» ABOUT THIS TASK: Check every line below for the string "Property", and copy the lines that contain it.

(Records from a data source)
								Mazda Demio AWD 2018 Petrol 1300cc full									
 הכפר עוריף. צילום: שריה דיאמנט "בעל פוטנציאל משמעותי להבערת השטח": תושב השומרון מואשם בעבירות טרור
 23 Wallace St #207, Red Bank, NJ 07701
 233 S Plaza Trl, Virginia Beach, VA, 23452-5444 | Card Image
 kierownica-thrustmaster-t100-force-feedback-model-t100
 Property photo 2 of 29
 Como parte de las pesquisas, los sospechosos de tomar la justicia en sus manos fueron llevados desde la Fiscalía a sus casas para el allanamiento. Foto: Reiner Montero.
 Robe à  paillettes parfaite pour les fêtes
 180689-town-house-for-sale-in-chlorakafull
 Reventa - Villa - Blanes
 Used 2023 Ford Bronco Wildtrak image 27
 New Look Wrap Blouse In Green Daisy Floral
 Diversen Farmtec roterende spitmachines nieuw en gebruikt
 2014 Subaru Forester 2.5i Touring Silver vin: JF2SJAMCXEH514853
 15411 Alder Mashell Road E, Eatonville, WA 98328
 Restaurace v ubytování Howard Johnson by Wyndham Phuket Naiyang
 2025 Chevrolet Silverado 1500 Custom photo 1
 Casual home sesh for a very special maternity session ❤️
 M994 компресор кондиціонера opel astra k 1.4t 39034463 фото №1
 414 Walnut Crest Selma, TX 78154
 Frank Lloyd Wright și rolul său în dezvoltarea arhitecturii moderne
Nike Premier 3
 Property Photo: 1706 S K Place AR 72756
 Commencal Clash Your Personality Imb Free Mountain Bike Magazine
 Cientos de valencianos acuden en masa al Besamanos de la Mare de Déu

» OUTPUT FOR THIS EXERCISE:
 Property photo 2 of 29
 Property Photo: 1706 S K Place AR 72756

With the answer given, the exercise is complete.